=== Section Start ===
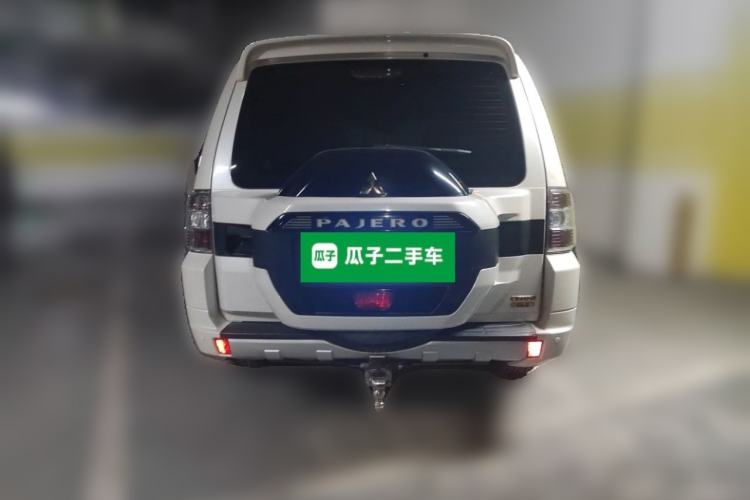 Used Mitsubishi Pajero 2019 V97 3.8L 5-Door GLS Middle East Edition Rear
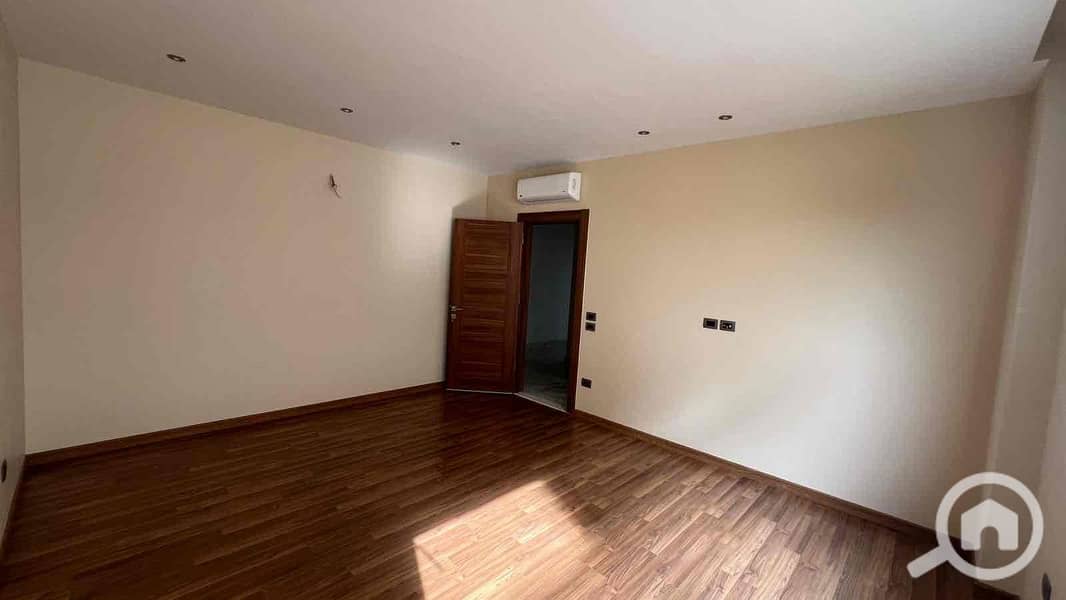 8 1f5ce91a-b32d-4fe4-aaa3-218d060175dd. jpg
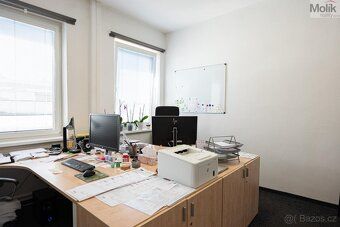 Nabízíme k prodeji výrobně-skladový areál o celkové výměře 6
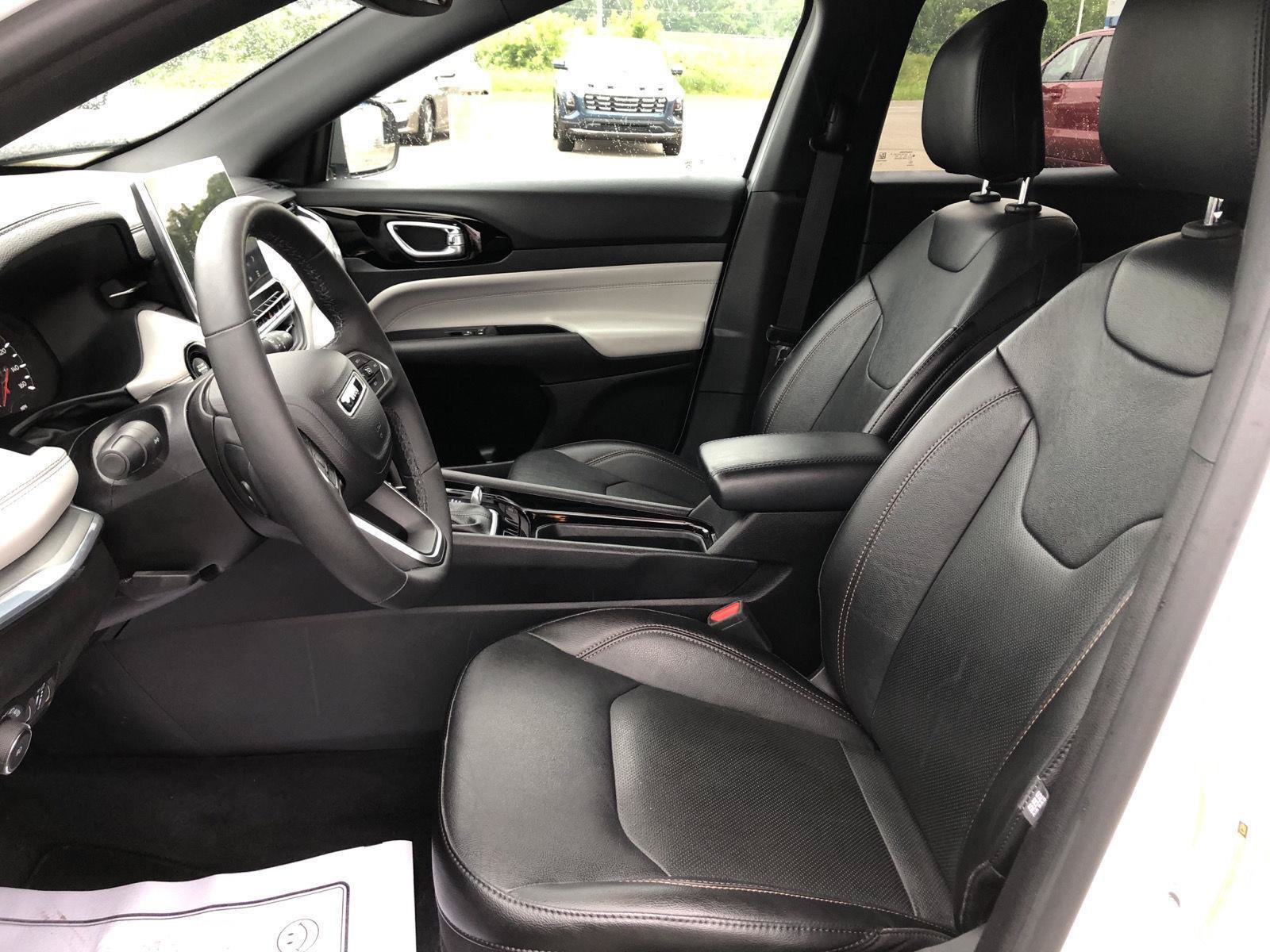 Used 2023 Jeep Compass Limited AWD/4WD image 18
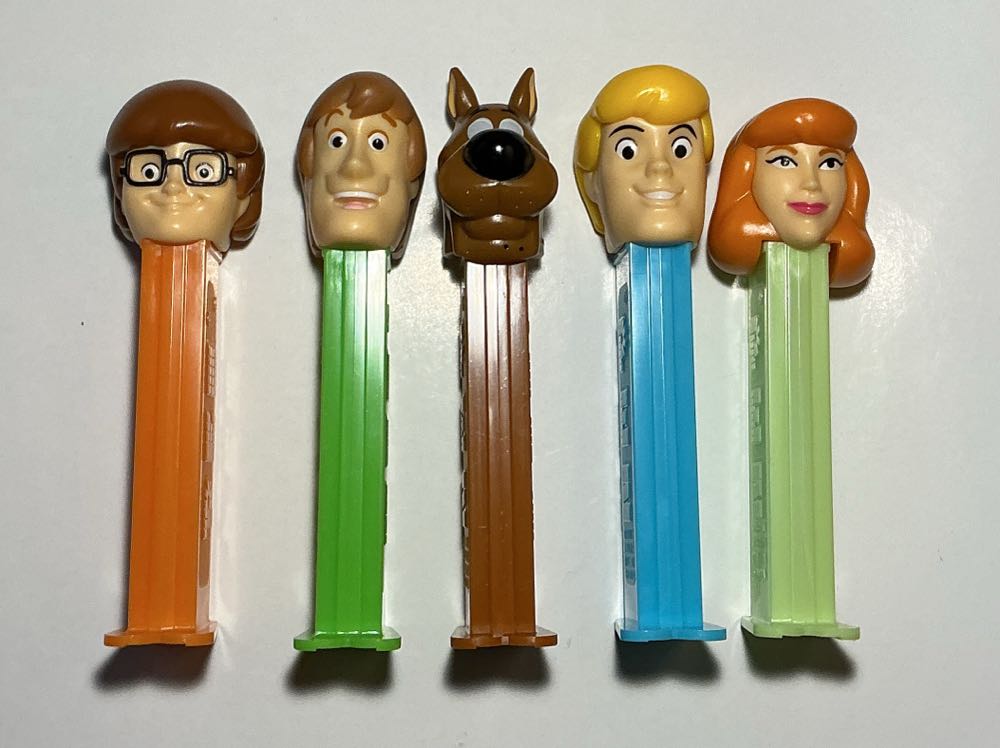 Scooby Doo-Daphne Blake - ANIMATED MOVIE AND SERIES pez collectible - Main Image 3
=== Section End ===
_What to do:_
Everything in the listing should be repeated exactly except the pictures.

_Solution to the exercise:_
 Used Mitsubishi Pajero 2019 V97 3.8L 5-Door GLS Middle East Edition Rear
 8 1f5ce91a-b32d-4fe4-aaa3-218d060175dd. jpg
 Nabízíme k prodeji výrobně-skladový areál o celkové výměře 6
 Used 2023 Jeep Compass Limited AWD/4WD image 18
 Scooby Doo-Daphne Blake - ANIMATED MOVIE AND SERIES pez collectible - Main Image 3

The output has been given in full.